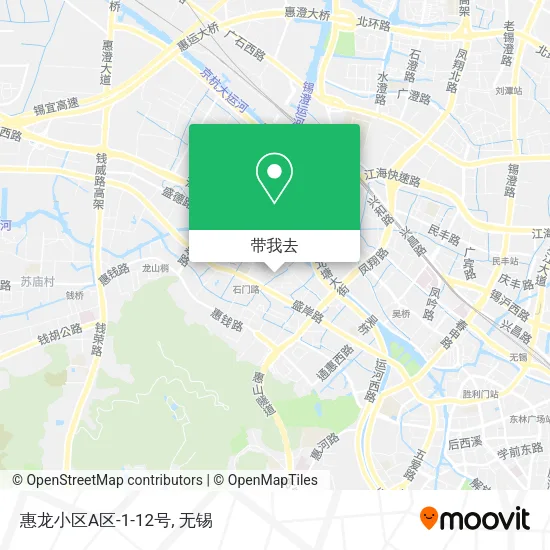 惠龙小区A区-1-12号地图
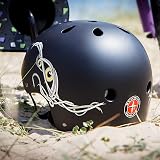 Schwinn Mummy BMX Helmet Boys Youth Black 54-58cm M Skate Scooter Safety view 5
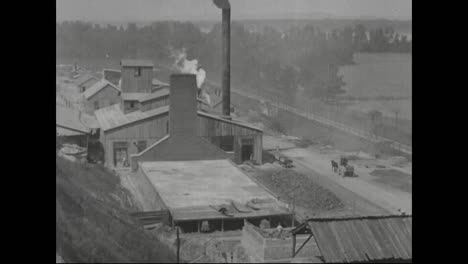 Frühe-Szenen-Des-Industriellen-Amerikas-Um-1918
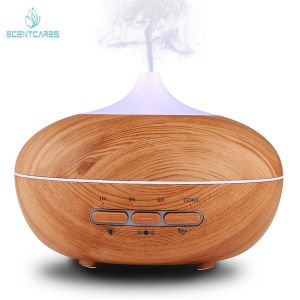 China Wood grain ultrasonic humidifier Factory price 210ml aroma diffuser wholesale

_REQUIRED ACTION_: Write out an exact copy of the lines beginning at the line that contains "Schwinn Mummy BMX" and ending at the last line of the listing. Exclude pictures.

_RESPONSE AREA_:
 Schwinn Mummy BMX Helmet Boys Youth Black 54-58cm M Skate Scooter Safety view 5
 Frühe-Szenen-Des-Industriellen-Amerikas-Um-1918
 China Wood grain ultrasonic humidifier Factory price 210ml aroma diffuser wholesale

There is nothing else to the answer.